Minisequencing primer selection

The SBEprimer program has been implemented to automate the minisequencing primer design process. It designs sets of mutually compatible primers that will minimize the number of experiments required to genotype a given number of polymorphic sites, proceeding through seven iterative steps. (i) Read template sequence and SNP locations. (ii) For each SNP, check if either of the plus-strand or minus-strand primers adjacent to the SNP will false prime. If so, remove the primer. (iii) Generate list of primers adjacent to SNP from both plus and minus strands, requiring the primer length to be within some given limits and the melting temperature to be higher than the reaction annealing temperature. (iv) Check each primer candidate for hairpins and homodimer formation; remove any candidate forming hairpins or homodimer. (v) Calculate all interactions between different primer candidates. (vi) Choose maximal sets of mutually compatible primer candidates, such that each polymorphism has exactly one primer in exactly one primer set. (vii) Output primer sets.

We discuss these steps in more detail in the following.

False priming check (step 2). The minisequencing primer for one polymorphism site can be chosen from either the plus or the minus strand, but it must bind immediately adjacent to the SNP. We speak of the ‘plus’ and ‘minus’ primer in the following; note, however, that for now we make no assumptions regarding the length of the primer, i.e. we do not fix its 5′ end for the time being. By choosing the primer such that its 3′ end binds adjacent to the SNP, the next base added to the primer by the polymerase will oppose the polymorphism and hence allow its typing. However, if the primer binds somewhere else and the polymerase extends there, a false signal is generated. It is thus a requirement to exclude any primer that will false prime.

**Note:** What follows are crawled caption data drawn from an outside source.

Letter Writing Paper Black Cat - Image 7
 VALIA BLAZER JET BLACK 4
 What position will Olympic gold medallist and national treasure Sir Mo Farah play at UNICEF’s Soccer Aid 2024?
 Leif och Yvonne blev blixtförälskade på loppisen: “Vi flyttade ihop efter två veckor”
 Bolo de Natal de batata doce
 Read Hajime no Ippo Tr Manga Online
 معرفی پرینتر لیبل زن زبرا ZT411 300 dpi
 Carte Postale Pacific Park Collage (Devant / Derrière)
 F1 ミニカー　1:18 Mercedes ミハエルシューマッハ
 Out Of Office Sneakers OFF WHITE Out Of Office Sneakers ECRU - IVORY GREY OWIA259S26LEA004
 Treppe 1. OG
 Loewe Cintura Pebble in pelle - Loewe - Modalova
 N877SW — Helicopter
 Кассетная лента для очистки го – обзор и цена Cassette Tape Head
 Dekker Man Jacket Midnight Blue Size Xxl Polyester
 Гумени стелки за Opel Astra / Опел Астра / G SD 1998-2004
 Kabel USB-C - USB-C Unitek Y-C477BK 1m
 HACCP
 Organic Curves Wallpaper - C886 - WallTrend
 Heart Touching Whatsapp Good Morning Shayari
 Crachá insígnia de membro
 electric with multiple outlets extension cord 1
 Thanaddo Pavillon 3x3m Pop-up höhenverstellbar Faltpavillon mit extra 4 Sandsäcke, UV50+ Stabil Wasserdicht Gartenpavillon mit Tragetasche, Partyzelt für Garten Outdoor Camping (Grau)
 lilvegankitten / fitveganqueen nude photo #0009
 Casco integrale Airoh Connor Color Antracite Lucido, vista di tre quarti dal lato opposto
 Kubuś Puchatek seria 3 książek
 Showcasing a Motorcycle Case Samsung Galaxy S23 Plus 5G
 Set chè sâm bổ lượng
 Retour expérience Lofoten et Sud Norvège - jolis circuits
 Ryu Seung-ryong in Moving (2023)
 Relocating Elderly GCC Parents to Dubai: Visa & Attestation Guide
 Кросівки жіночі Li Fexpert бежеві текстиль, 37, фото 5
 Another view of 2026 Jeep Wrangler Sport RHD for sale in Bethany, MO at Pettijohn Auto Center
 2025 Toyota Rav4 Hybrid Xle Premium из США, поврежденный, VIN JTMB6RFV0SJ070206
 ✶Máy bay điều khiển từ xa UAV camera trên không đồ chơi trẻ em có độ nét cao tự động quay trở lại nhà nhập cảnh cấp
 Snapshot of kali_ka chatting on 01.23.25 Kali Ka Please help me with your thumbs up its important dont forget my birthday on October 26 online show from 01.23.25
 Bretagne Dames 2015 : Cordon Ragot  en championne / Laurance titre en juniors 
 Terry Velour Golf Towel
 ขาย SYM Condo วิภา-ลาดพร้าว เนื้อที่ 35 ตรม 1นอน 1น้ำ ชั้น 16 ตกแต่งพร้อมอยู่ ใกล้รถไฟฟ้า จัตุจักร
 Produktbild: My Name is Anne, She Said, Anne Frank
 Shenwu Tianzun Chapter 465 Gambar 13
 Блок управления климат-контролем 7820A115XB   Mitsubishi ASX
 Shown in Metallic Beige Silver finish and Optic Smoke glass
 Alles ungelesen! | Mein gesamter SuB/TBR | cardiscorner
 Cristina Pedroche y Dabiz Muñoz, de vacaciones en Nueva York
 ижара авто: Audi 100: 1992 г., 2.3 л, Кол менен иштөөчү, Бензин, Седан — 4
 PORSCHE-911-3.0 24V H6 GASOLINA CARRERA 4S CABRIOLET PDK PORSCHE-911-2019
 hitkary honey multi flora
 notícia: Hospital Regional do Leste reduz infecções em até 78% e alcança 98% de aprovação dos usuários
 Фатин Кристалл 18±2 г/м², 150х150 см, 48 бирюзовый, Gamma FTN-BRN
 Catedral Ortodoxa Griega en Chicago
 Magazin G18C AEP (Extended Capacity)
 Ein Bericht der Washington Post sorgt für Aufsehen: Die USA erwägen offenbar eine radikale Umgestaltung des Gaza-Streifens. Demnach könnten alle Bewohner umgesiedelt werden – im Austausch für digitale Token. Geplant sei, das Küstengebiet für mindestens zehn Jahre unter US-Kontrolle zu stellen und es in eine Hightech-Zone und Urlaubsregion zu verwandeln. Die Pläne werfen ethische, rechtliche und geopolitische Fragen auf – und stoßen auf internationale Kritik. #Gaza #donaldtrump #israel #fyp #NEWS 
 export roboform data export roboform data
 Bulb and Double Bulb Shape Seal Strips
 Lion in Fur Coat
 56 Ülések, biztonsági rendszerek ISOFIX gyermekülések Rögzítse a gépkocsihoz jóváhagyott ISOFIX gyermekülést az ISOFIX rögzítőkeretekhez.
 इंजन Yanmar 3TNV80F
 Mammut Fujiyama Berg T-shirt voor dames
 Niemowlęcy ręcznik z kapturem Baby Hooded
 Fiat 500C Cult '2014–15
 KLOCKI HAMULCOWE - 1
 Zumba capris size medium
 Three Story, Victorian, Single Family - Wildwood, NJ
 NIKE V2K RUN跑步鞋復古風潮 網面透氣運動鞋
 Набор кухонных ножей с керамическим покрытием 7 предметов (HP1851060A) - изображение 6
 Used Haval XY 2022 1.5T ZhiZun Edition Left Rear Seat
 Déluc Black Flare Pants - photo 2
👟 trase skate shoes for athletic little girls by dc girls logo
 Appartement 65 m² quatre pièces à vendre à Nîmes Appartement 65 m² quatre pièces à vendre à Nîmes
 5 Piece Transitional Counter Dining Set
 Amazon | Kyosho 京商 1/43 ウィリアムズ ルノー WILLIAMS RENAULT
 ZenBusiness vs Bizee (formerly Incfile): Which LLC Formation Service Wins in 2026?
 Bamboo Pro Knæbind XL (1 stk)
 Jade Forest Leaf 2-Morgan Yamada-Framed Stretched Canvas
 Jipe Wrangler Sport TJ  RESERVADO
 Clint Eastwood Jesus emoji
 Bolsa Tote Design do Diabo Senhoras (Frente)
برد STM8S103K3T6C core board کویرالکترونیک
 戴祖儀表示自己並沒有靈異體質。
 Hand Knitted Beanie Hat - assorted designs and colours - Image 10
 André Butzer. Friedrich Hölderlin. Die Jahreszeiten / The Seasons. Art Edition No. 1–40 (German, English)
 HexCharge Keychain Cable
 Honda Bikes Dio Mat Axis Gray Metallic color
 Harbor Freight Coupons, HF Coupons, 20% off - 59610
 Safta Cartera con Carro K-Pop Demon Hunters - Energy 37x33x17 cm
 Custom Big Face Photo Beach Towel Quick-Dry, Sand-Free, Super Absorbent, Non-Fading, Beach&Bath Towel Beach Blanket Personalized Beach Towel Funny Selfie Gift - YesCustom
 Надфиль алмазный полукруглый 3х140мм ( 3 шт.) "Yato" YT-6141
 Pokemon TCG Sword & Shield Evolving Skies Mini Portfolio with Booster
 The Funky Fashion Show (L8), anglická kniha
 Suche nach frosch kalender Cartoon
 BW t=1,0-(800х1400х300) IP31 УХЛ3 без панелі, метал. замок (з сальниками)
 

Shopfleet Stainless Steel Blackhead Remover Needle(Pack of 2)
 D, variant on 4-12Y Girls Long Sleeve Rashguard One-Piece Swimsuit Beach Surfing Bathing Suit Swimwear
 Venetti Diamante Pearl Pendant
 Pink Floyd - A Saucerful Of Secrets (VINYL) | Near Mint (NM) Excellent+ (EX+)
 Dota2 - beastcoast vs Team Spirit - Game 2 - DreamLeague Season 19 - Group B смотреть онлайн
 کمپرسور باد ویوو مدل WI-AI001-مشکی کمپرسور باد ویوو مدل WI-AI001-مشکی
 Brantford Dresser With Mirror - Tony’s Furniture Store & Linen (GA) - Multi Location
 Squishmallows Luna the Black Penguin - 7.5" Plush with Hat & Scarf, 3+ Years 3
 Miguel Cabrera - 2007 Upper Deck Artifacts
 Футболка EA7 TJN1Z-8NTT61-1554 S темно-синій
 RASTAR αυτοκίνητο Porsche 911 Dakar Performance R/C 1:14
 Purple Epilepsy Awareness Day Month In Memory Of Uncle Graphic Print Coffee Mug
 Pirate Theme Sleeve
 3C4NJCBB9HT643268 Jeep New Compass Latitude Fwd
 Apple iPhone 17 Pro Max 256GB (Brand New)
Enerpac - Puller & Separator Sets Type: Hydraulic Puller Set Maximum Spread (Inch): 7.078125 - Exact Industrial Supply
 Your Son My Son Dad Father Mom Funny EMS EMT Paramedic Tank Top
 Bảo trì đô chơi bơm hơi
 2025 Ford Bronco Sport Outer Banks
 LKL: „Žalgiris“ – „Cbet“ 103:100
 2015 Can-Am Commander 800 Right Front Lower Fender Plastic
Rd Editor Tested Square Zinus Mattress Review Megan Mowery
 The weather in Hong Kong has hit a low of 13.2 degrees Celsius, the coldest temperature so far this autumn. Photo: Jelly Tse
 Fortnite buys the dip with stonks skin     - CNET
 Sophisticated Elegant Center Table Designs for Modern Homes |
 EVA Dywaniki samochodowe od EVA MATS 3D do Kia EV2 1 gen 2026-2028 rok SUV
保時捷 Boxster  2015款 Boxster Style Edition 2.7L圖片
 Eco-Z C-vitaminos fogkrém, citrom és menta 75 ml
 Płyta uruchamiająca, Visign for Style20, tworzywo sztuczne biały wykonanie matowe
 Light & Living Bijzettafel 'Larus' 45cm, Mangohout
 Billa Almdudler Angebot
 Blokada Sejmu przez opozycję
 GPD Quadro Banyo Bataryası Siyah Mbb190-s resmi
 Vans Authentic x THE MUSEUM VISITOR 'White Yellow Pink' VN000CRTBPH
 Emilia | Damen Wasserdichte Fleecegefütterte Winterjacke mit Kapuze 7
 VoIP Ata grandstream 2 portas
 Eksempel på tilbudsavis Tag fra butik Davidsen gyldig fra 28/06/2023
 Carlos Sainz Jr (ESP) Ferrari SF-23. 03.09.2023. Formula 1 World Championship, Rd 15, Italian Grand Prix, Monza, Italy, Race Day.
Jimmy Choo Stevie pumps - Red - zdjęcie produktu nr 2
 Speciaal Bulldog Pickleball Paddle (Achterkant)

It has been shown that the polymerase reaction requires the terminal 3′ end bases of the primer to form stable base pairs with the template (15). Our procedure to identify potential false priming sites uses a hashtable of all 4mers, for each such 4mer storing a list of the plus and minus primers that contain the reverse Watson–Crick complement of that 4mer at their 3′ end (considering two primers for each polymorphic site, the plus and the minus primer, and leaving their 5′ end open for the time being). This hashtable is then used in a routine that screens the entire template sequence and its complement. For each 4mer in the template sequence, it checks the list of primers contained in the corresponding list in the table, and checks for potential false priming. The program attempts to extend the 4mer duplex, checking if a stable interaction (with negative free energy ΔG) is possible. The extension is done using a variant of the Smith–Waterman alignment algorithm, thus again allowing for bulges and loops in the duplex. The extension is aborted if either a negative free energy interaction has been found (and the primer is consequently removed from the candidate set), or a threshold ‘maximum primer length’ has been reached.

Primer candidate evaluation (steps 3 and 4). The program will then evaluate the remaining candidates further. We will now consider the primer length as well, which has been neglected so far. To do so, SBEprimer will generate all primers from both the plus and minus strand of each SNP (provided they have not been excluded in step 2) of length between two given parameters minlen and maxlen, and with melting temperature Tm above the PCR annealing temperature.

Subsequently, SBEprimer checks for homodimer and hairpin formation. The homodimer check is done by simply calculating the minimum free energy alignment of a primer candidate with itself.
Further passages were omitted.